Le communiqué de la FSSPX :
En ce 2 février 2026, fête de la Purification de la sainte Vierge, Monsieur l’abbé Davide Pagliarani, Supérieur général de la Fraternité Sacerdotale Saint-Pie X, au cours de la cérémonie des prises de soutane qu’il présidait au séminaire international Saint-Curé‑d’Ars, à Flavigny-sur-Ozerain, en France, a annoncé publiquement sa décision de confier aux évêques de la Fraternité le soin de procéder à de nouvelles consécrations épiscopales, le 1er juillet prochain.
En août dernier, il a sollicité la faveur d’une audience auprès du Saint-Père, lui faisant connaître son désir de lui exposer filialement la situation présente de la Fraternité Sacerdotale Saint-Pie X. Dans un second courrier, il s’est explicitement ouvert sur le besoin particulier de la Fraternité d’assurer la continuation du ministère de ses évêques, qui parcourent le monde depuis près de quarante ans pour répondre aux nombreux fidèles attachés à la Tradition de l’Église et désireux que soient conférés, pour le bien de leurs âmes, les sacrements de l’ordre et de la confirmation.
Après avoir longuement mûri sa réflexion dans la prière, et reçu du Saint-Siège, ces derniers jours, une lettre qui ne répond absolument pas à nos demandes, l’abbé Pagliarani, appuyé sur l’avis unanime de son Conseil, estime que l’état objectif de grave nécessité dans lequel se trouvent les âmes exige une telle décision.
Les mots qu’il écrivait le 21 novembre 2024, pour le cinquantenaire de la déclaration historique de Mgr Marcel Lefebvre, sont plus que jamais le reflet de sa pensée et de ses intentions :
« Ce n’est que dans l’Église de toujours et dans sa Tradition constante que nous trouvons la garantie d’être dans la Vérité, de continuer à la prêcher et à la servir. […]
« La Fraternité [Saint-Pie X] ne recherche pas d’abord sa propre survie : elle cherche principalement le bien de l’Église universelle et, pour cette raison, elle est par excellence une œuvre d’Église, qui avec une liberté et une force uniques, répond adéquatement aux besoins propres d’une époque tragique sans précédent.
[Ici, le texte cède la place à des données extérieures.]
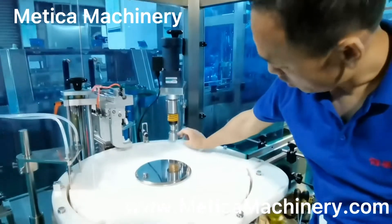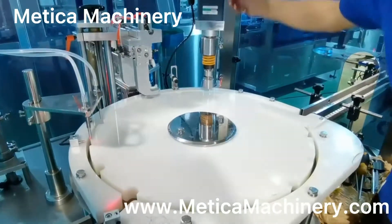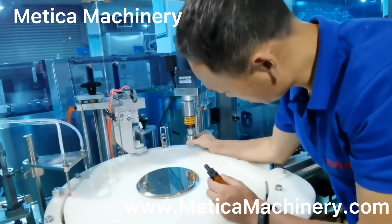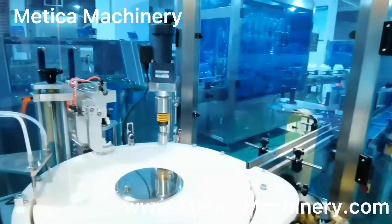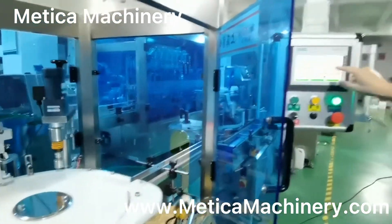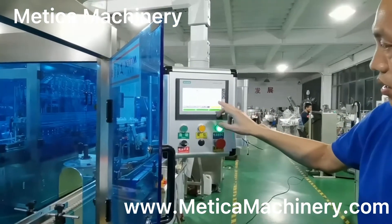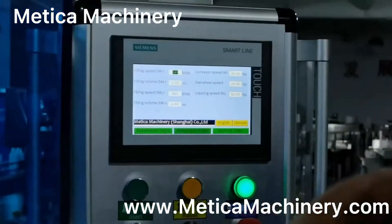If it is a little bit lower, we can unlock this one and lift it up a little bit. Make sure when it touches, it presses only halfway — not too much. For the speed, in the parameter settings, we normally keep it at 45 to 50 to get higher speed and make the cap tighter.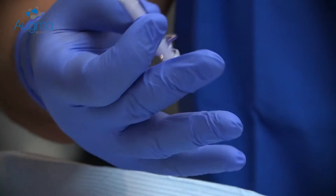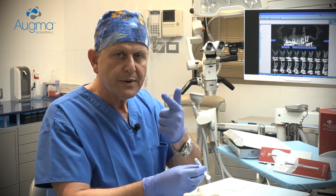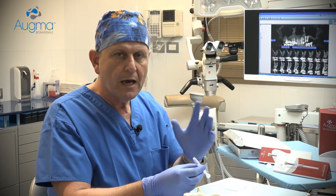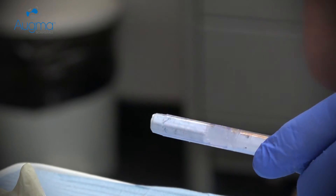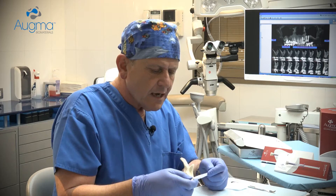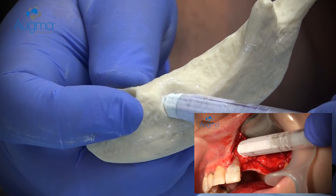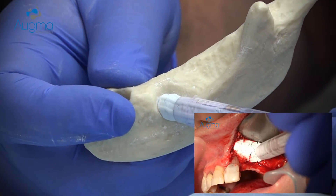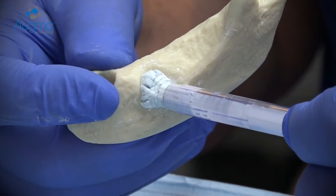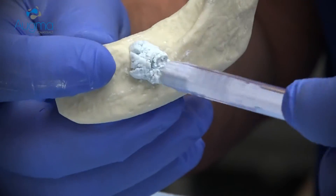All you need to remember to do is three simple consecutive steps: place, press, and close. In less than one minute, you can finish the entire procedure. Now let's do it together. Approach the defect site at a 45-degree angle and start ejecting the material into the grafted site. During the ejection, use the syringe head to help stabilize the material with a small condensing movement.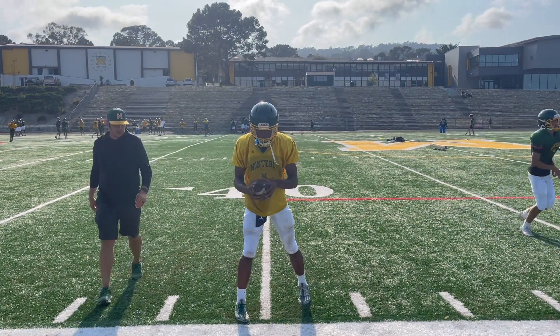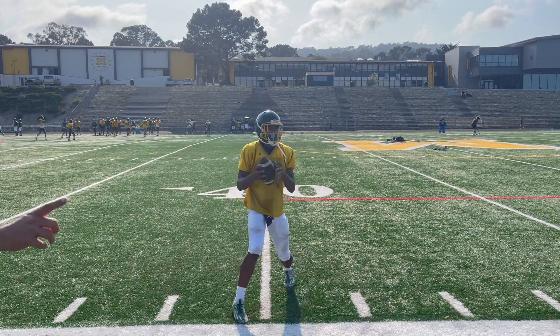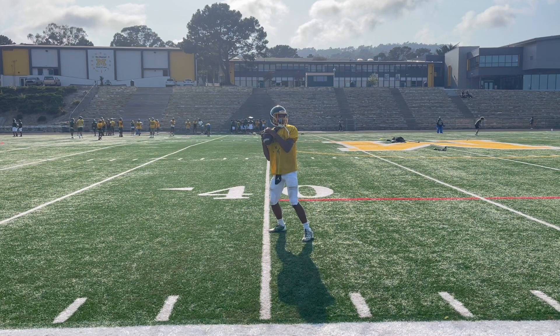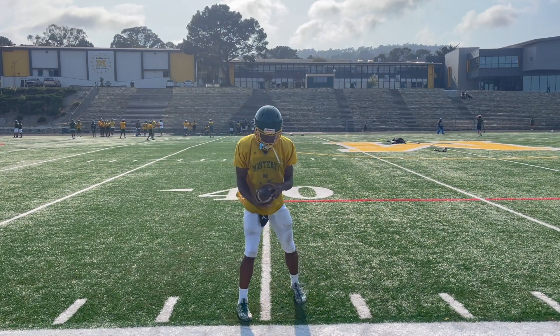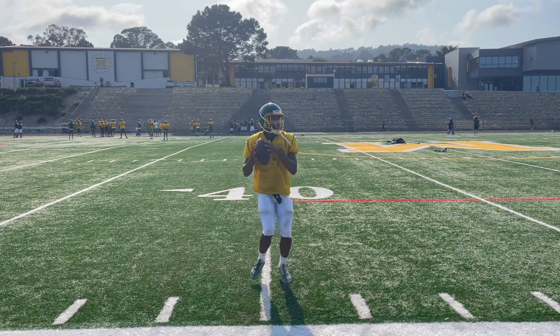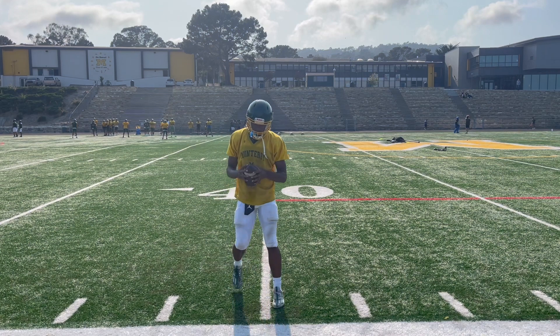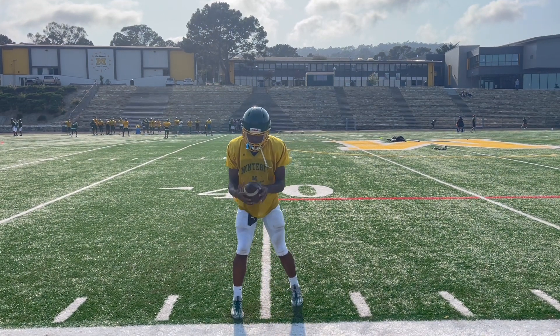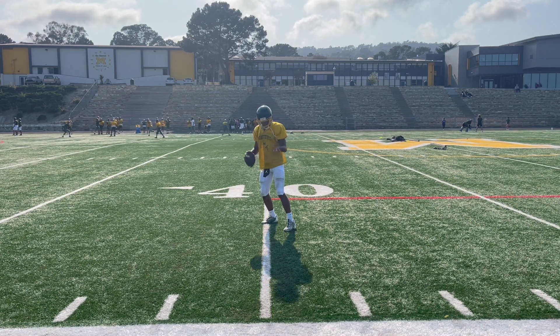Here we go. Keep your chest to the field. Eyes up. Punch step, one, two, three. Not bad, not bad. Reset. Punch step, one, two, three. One more time. Punch step, one, two, three. Good — 80% on the weight.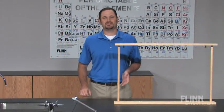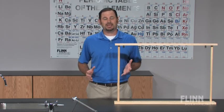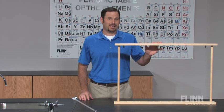Over the years we've heard from many teachers who have told us that storing, transporting, and dispensing burettes is a problem, and Flynn has the solution. The teacher-designed Flynn burette rack.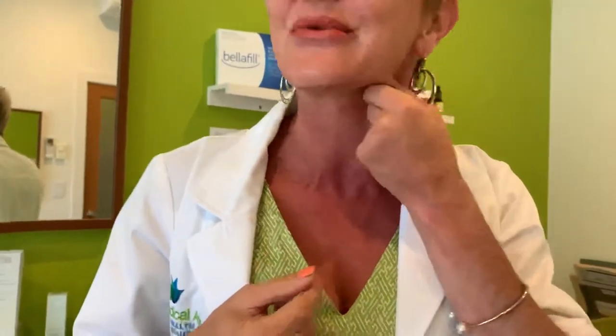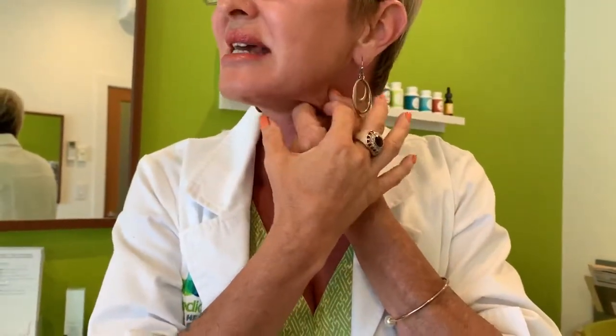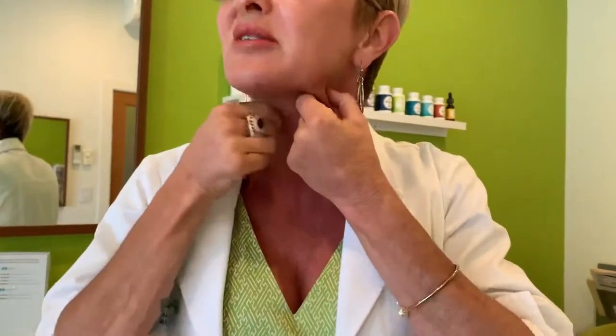These are the muscles right here that are the platysmal bands. They're hard to see on me because I've got them Botoxed, but you go like this and you can see them pop out. So we grab up the band, Botox the insertion point and down the band. Normally this muscle would pull down, but when we Botox it and relax it, it lifts up. It really does keep the neck nice and tight and kind of makes the jawline look a bit more contoured.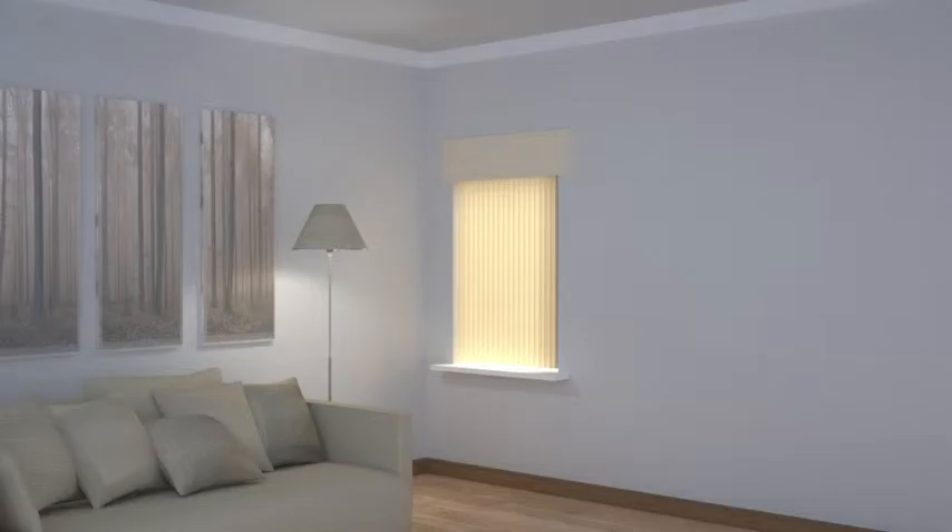This neatens the look and the pelmet can be covered in a fabric of your choice, providing the opportunity to add a splash of colour or pattern to match an existing colour scheme.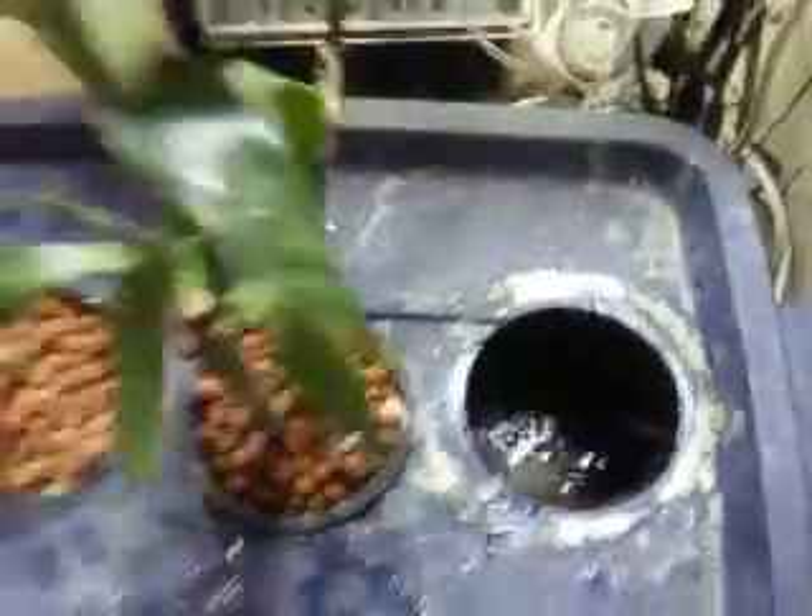You can see all the fertilizer and stuff sitting in there that I need to change and flush out in about a week or so.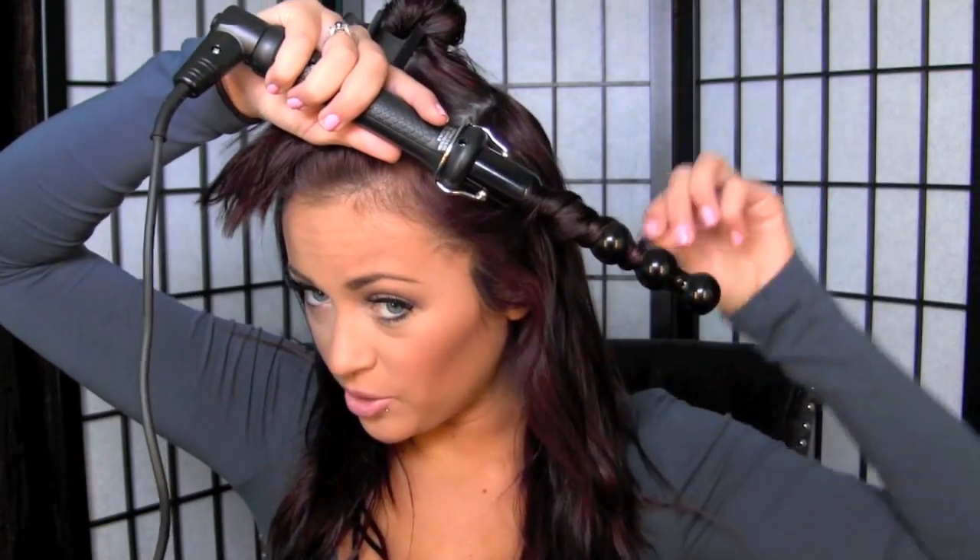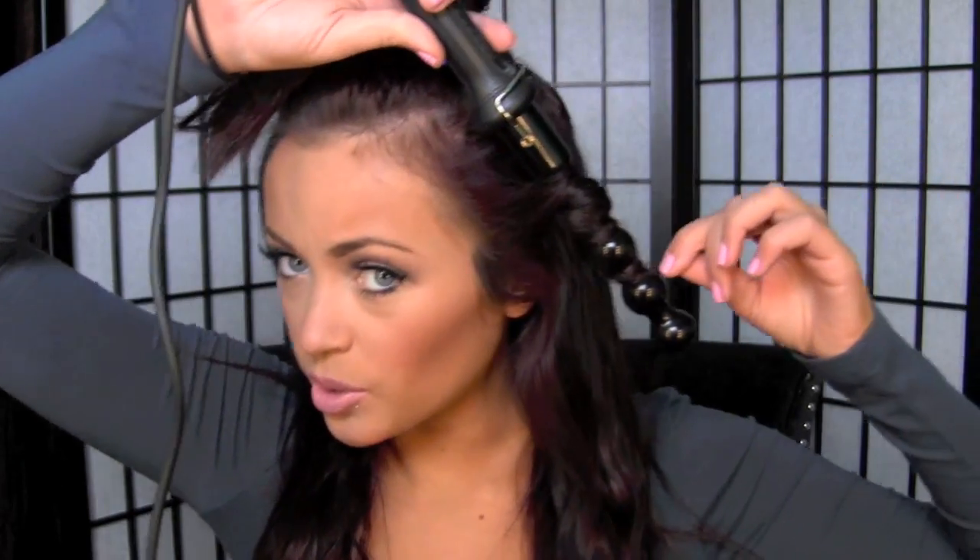I like to curl away from my face, so I put the iron down and wrap it going away. Just grab a random section of hair. Remember: the smaller the section of hair, the tighter the curl will be; the thicker the section, the more wavy and loose it will be. Just start wrapping it around — there's no special way to do it, just keep wrapping. I don't have my extensions in right now but I will curl those. You can use this on your extensions just like regular hair. Just hold it for however long depending on your hair type, then let it go. This is what it gives you — it's a different kind of curl, not your average standard curl.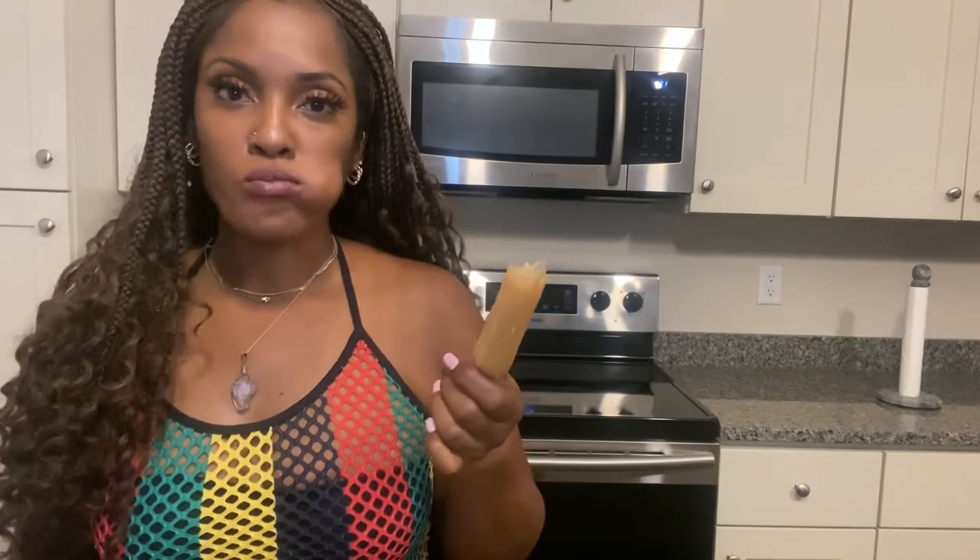I'm just getting that hard skin off because I want to get down to the juicy fruit. Again, it's delicious and refreshing — get all the juice out, and then discard the fibrous trash.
« Ce seul but est toujours le nôtre aujourd’hui, au même titre qu’il y a cinquante ans : “C’est pourquoi sans aucune rébellion, aucune amertume, aucun ressentiment nous poursuivons notre œuvre de formation sacerdotale sous l’étoile du magistère de toujours, persuadés que nous ne pouvons rendre un service plus grand à la sainte Église catholique, au Souverain Pontife et aux générations futures (Mgr Lefebvre, Déclaration du 21 novembre 1974).” »
Dans les prochains jours, le Supérieur général fournira des explications complémentaires sur la situation présente et sur sa décision.